I have a collection of continuous data from the literature, including the mean, the standard deviation and the number of observations for both experimental and control groups, as well some environmental variables. A meta-analysis coupled with a meta-regression could be done. However, some studies had several experimental sites, i.e. each line is not a single study, but a single site taken from a study: a random site effect could thus be nested in studies.

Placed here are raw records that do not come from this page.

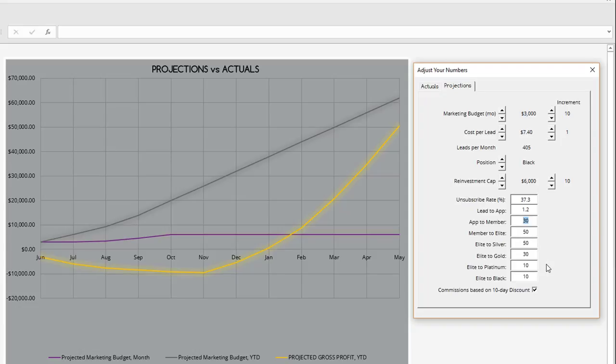I hope you can see the value of having a tool like this to help you see what's possible in your business and how certain conversion factors and metrics can come into play in terms of your profitability. Scott here, I'll talk to you soon.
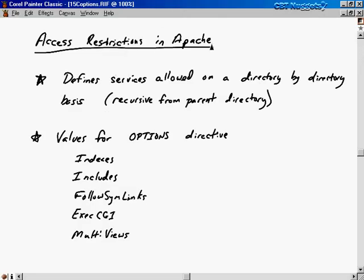Let's continue talking about access restrictions in Apache. What we're doing here is defining what services are allowed on a directory-by-directory basis. We define for a particular directory what services we want to allow, and those rules apply recursively from the parent directory on down, unless we make a specific rule for some particular subdirectory. Let me explain what the five valid fields are for the options directive.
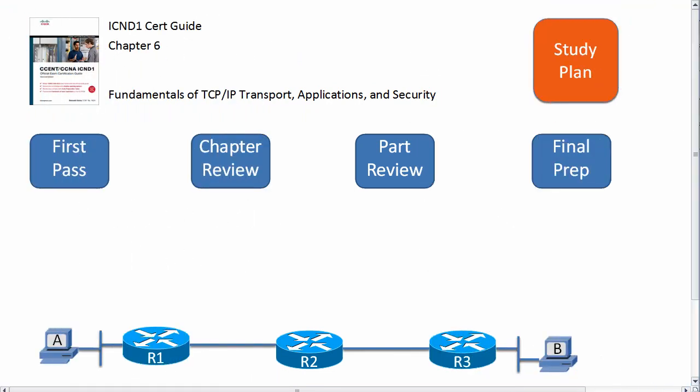Hi, this is Wendell Odom, and welcome to the chapter study plan for the ICND-1 book, Chapter 6.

The following meta mixed-model can be described.
- effect-size as response
- environmental variables as fixed effects,
- sites nested in studies as random effects and
- each observation is weighted on the sampling variance.
I tried two approaches with R, that returned somewhat different results.

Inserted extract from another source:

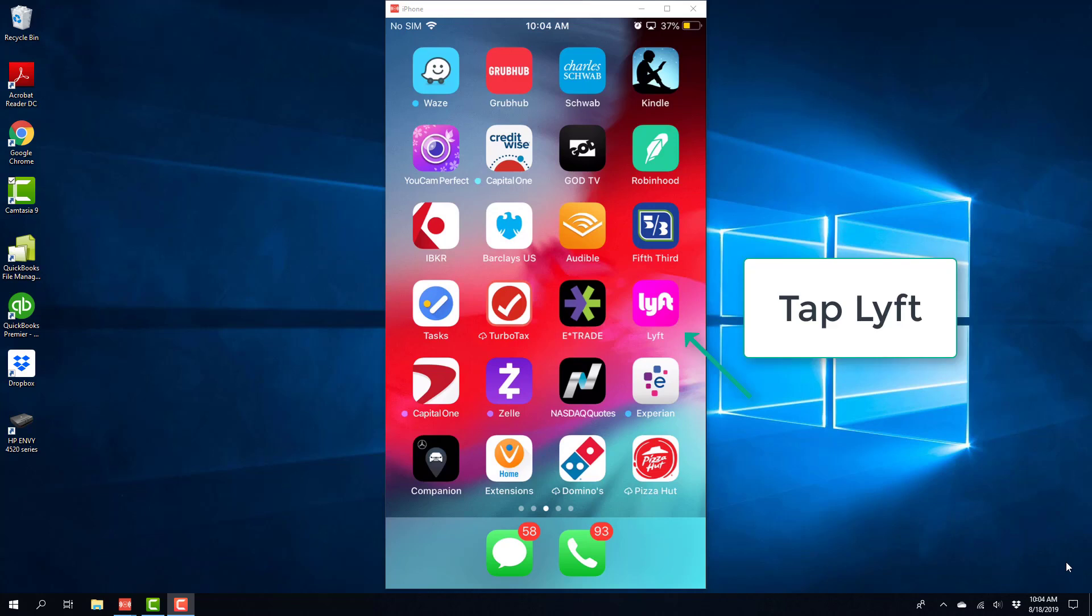Hey everyone, this is Northwell Tech again. In this video, we're going to learn how we can add a new card in the Lyft app.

As first step, let's create a dummy data frame.
set.seed(40) Study = factor(c(1,1,1,1,1,2,2,3,3,3,4,5,5,5,5)) Site = factor(c(1,2,3,4,5,1,2,1,2,3,1,1,2,3,4)) n_case = length(Study) experimental_mean = rnorm(n_case,5,2) experimental_sd = abs(rnorm(n_case,1,0.1)) experimental_n = round(runif(n_case, 2, 10)) control_mean = experimental_mean+runif(n_case,0,5) control_sd = abs(rnorm(n_case,1,0.1)) control_n = round(runif(n_case, 2, 10)) A = experimental_mean/control_mean * runif(n_case, 0.5, 0.8) B = rnorm(n_case,-1,1) C = factor(letters[round(runif(n_case, 1, 3))]) data_table = data.frame(Study, Site, experimental_mean, experimental_sd, experimental_n, control_mean, control_sd, control_n, A, B, C)

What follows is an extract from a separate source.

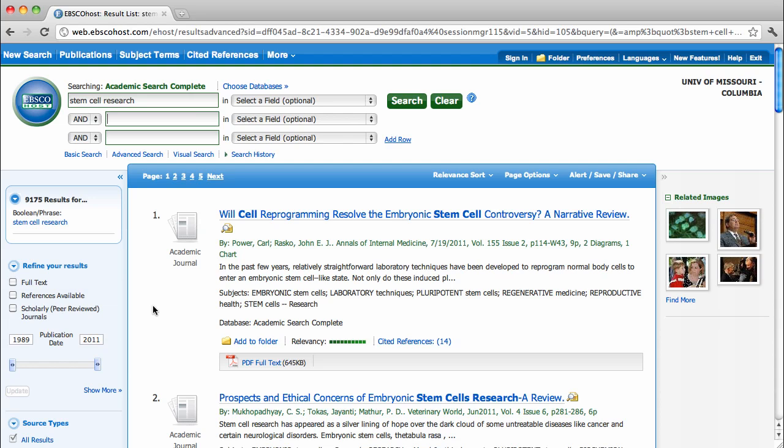This gives me more than 9,000 results — way too many to look through. Let's think of some ways I could restructure my search to get fewer, more focused results.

Then, compute the effect size and the sampling variance.
library(metafor) meta_table = escalc(measure='ROM', data=data_table, m1i=experimental_mean, m2i=control_mean, sd1i=experimental_sd, sd2i=control_sd, n1i=experimental_n, n2i=control_n)
The rma.mv function from the metafor package could be used to run the meta mixed-model.
res = rma.mv(yi, vi, data=meta_table, method="REML", level=95, mods = ~ A+B+C, random=~1|Study/Site) summary(res)
Another option is to run a mixed-model on the effect-size.
library(nlme) mixed_meta_model = lme(data = meta_table, fixed = yi ~ A+B+C, # yi is the effect size random = ~1|Study/Site, weights = varIdent(~vi)) # vi is the sampling variance summary(mixed_meta_model)
- Is the global approach valid?
- Which approach would you suggest?
- Is my R code correct? - with special attention to the weights argument varIdent(~vi) in the lme function.